- Task directions
Leaving out the pictures, write out exactly each line from the line with "Spring @ Katong, 18" through the close of the listing below.

- Records for this exercise
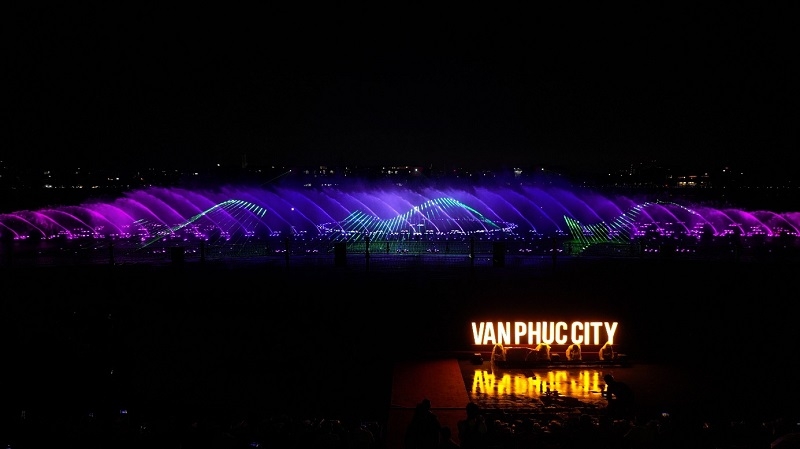 Nhạc nước Van Phuc Water Show - Tiện ích đẳng cấp của khu đô thị Van Phuc City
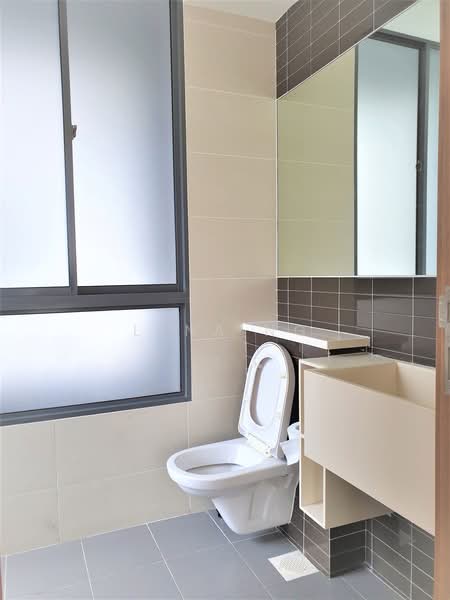 Spring @ Katong, 18 Ceylon Road, 2 Bedrooms, 1,023 sqft, Apartment For Rent, by Lena Ng, 500180122 - Master Bathroom - PropertyGuru.com.sg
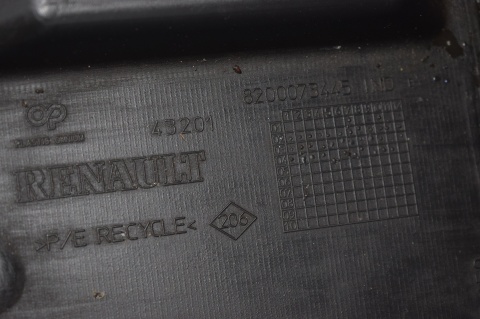 ZDERZAK PRZEDNI PRZÓD RENAULT MEGANE II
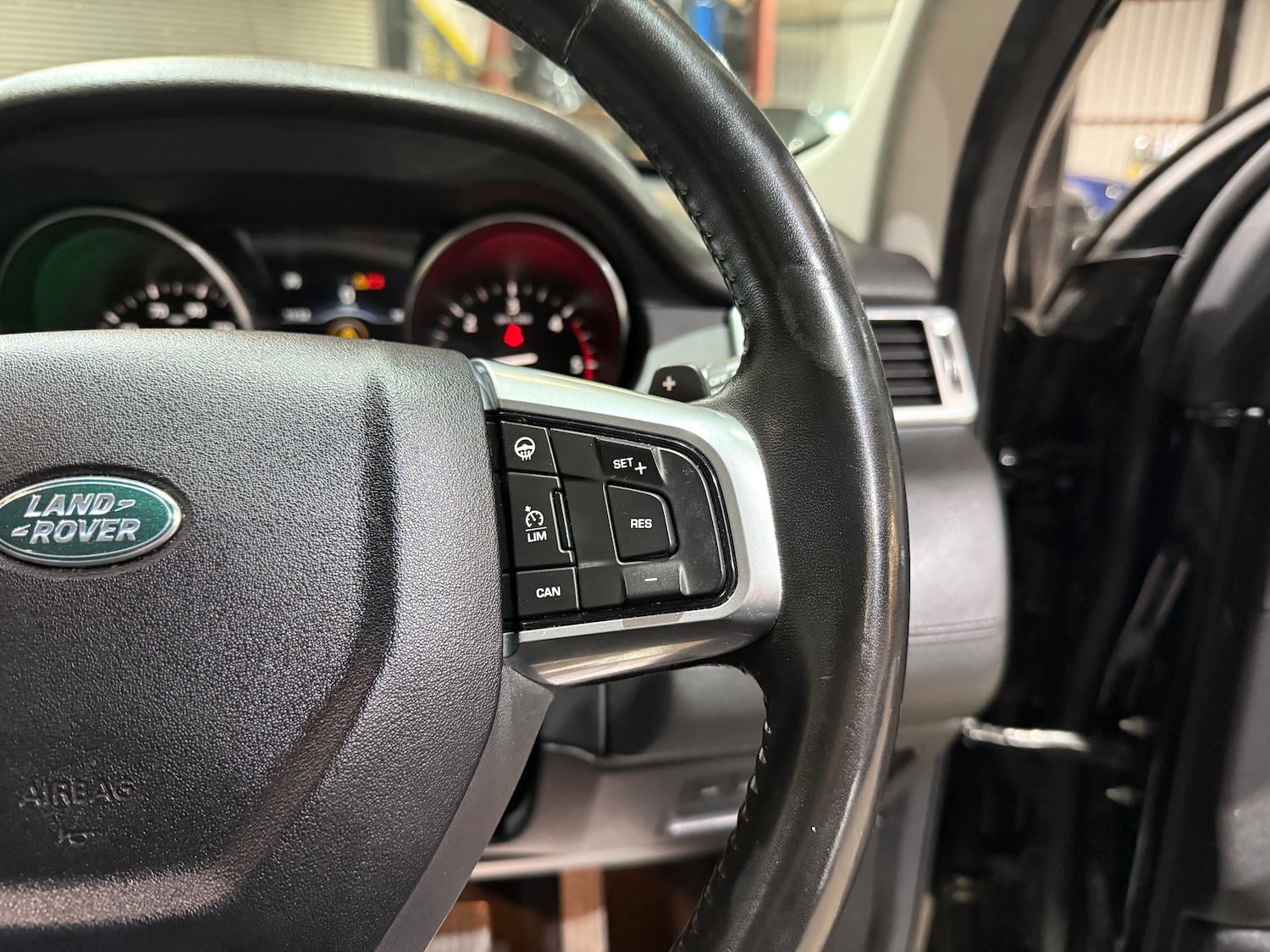 Used Land Rover Discovery Sport 2017 for sale - 77187620: Photo 40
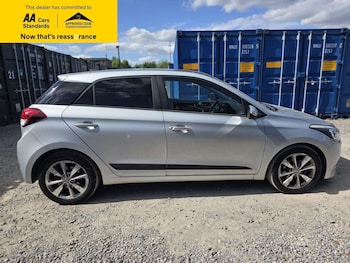 Used Hyundai i20 2016 for sale - 79046945: Photo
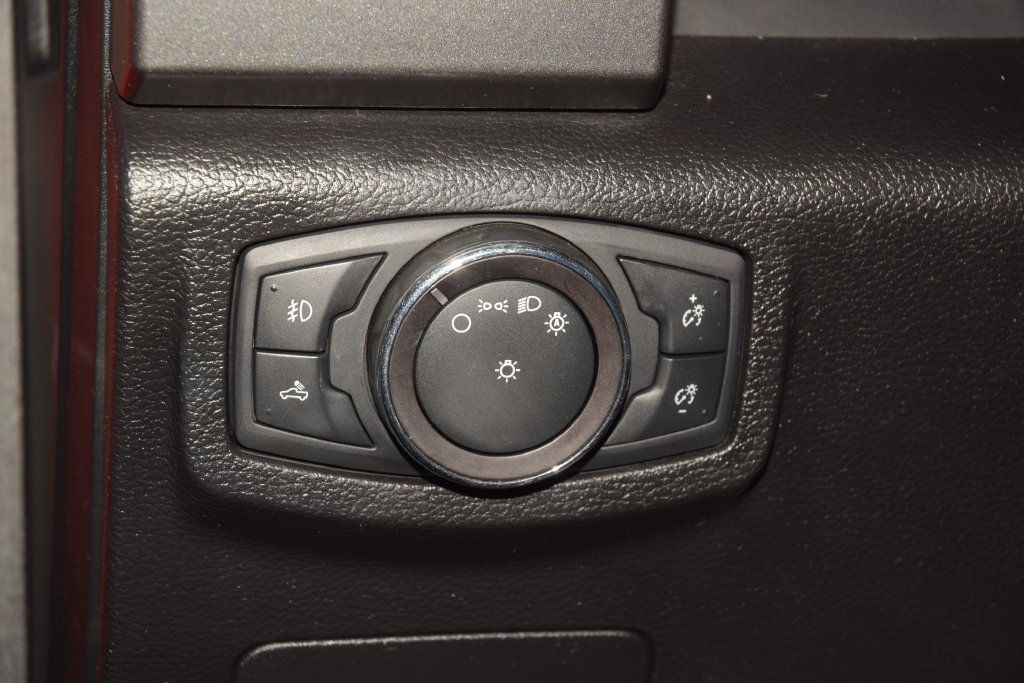 2018 Ford F-150 XLT Sport - 23087915 - 31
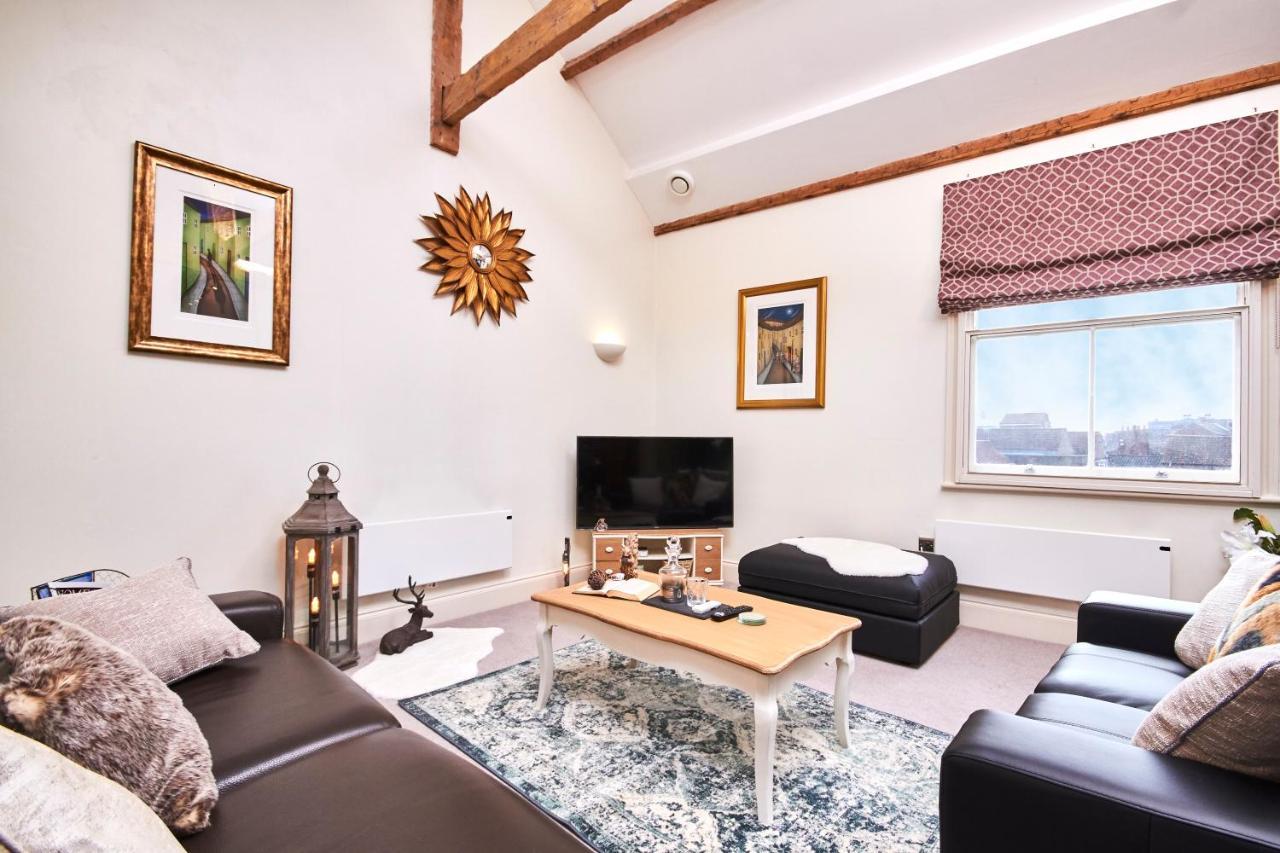 Step Inside The Magical Gem Of - Sleeps 7 * York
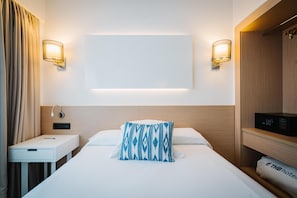 Eenpersoonskamer | Luxe beddengoed, een minibar, een kluis op de kamer, een bureau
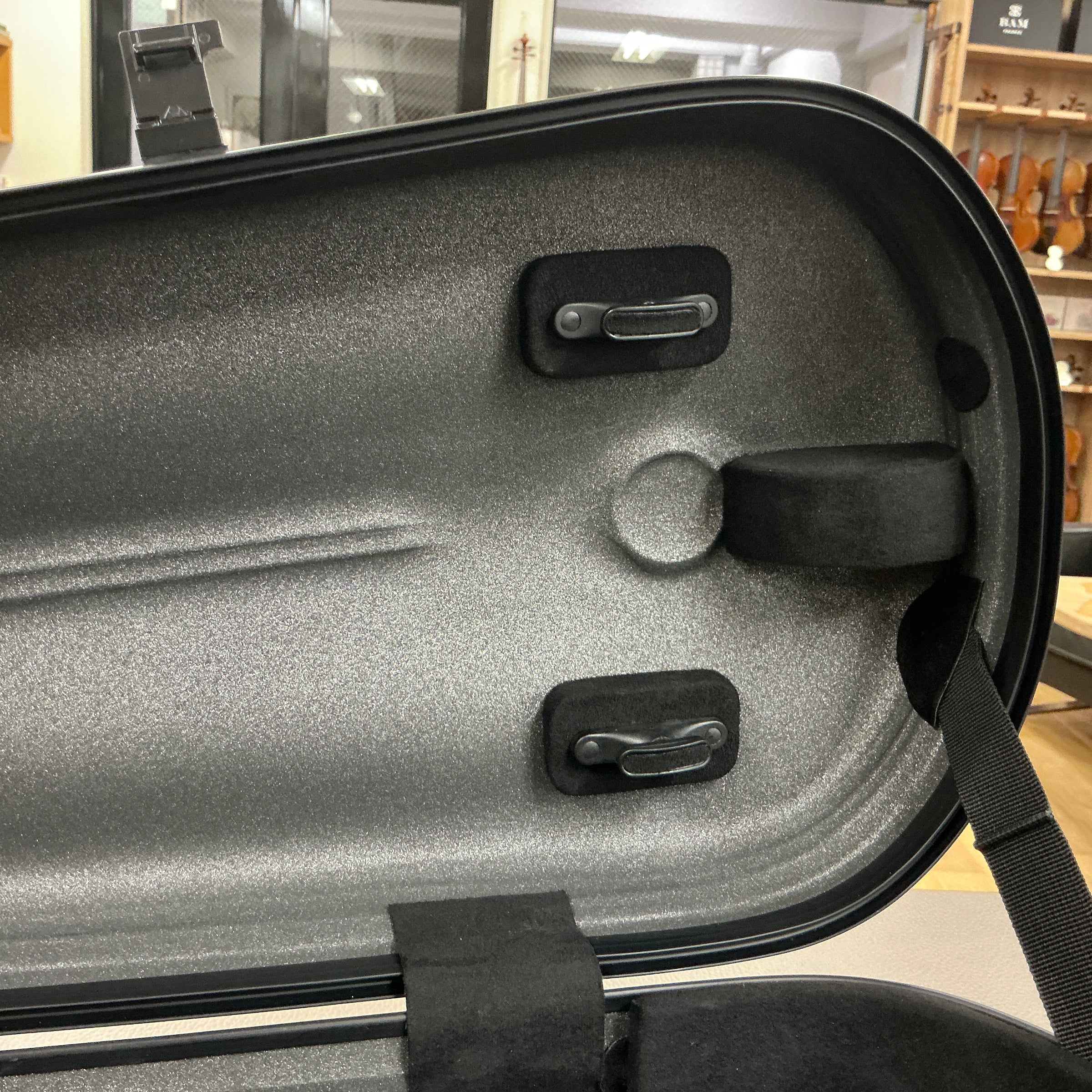 Negri New Violin Case Vulcano Triangular ネグリヴァイオリンケース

- Solution to this problem
 Spring @ Katong, 18 Ceylon Road, 2 Bedrooms, 1,023 sqft, Apartment For Rent, by Lena Ng, 500180122 - Master Bathroom - PropertyGuru.com.sg
 ZDERZAK PRZEDNI PRZÓD RENAULT MEGANE II
 Used Land Rover Discovery Sport 2017 for sale - 77187620: Photo 40
 Used Hyundai i20 2016 for sale - 79046945: Photo
 2018 Ford F-150 XLT Sport - 23087915 - 31
 Step Inside The Magical Gem Of - Sleeps 7 * York
 Eenpersoonskamer | Luxe beddengoed, een minibar, een kluis op de kamer, een bureau
 Negri New Violin Case Vulcano Triangular ネグリヴァイオリンケース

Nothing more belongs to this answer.